Accordo sul petrolio: festeggiano le Borse, tremano gli automobilisti

Ha stupito anche i più ottimisti l’accordo OPEC, che ha fatto balzare le quotazioni del petrolio del 9%, portando quelle del Brent tra i 52 e i 53 dollari e del Wti americano a ridosso dei 50 dollari al barile. Le quotazioni sono sui massimi dell’anno, quando le speranze sembravano essere svanite sul raggiungimento di un’intesa tra i 14 membri del cartello, responsabili di oltre un terzo dell’offerta mondiale. Ma cosa ha convinto l’Arabia Saudita a decidersi finalmente ad assecondare le richieste degli alleati per un taglio della produzione, dopo averle respinte per oltre due anni? I bassi prezzi di questi ultimi tempi hanno provocato enormi disagi alle finanze statali dei principali produttori mondiali, specie a economie come Russia, Arabia Saudita, Venezuela, Nigeria, tra le maggiori dipendenti dal petrolio. Se fosse solo questa la spiegazione, sarebbe molto parziale. I sauditi dispongono, infatti, di riserve valutarie prossime a 600 miliardi di dollari, in grado di coprire il disavanzo fiscale di quasi 100 miliardi dello scorso anno per almeno altri sei esercizi. E senza tenere conto di altre opzioni disponibili, come la svalutazione del cambio e l’IPO di Aramco, il colosso energetico statale, stimato in non meno di 2.000 miliardi di dollari.

Sarebbe stata convenienza dei sauditi prolungare la crisi attuale, in modo da portare sull’orlo del baratro i principali concorrenti, aumentando le proprie quote di mercato.

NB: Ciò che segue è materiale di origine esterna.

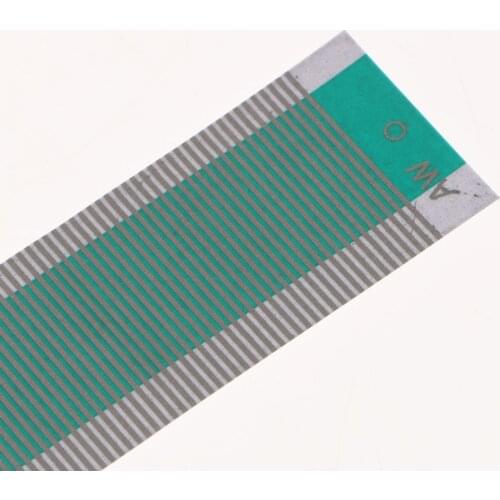 INSTRUMENT CLUSTER LCD PIXEL REPAIR RIBBON CABLE For Alfa Romeo164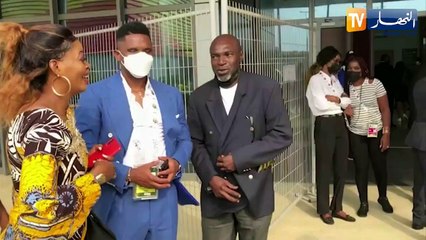 ريغوبيرت سونغ.. هدية إيتو المسمومة لبلماضي !؟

Tuttavia, i bassi prezzi creano problemi alla produzione nel lungo termine. Secondo Wood Mackenzie, dal 2015 al 2020, gli investimenti nel settore petrolifero diminuirebbero di 740 miliardi, rispetto alle stime effettuate nel 2014, prima del crollo delle quotazioni.

Quando i prezzi del petrolio sono più bassi, viene meno l’incentivo delle compagnie ad investire per la ricerca di nuovi pozzi, dato che sale la quantità di petrolio, che pur disponibile, non sarebbe conveniente estrarre, in quanto il costo tenderebbe a superare i ricavi. Ma un taglio eccessivo degli investimenti implica una produzione futura più bassa e potenzialmente una carenza di offerta, tale da fare impennare le quotazioni.

Ma una riduzione delle quote di produzione porterà anche  all’innalzamento del prezzo del petrolio e quindi dei suoi derivati come la benzina. E come sapete gli aumenti dei carburanti non aspettano le nuove forniture ma alla pompa aumentano all’istante. Così le Borse festeggiano, ma gli automobilisti un po’ meno.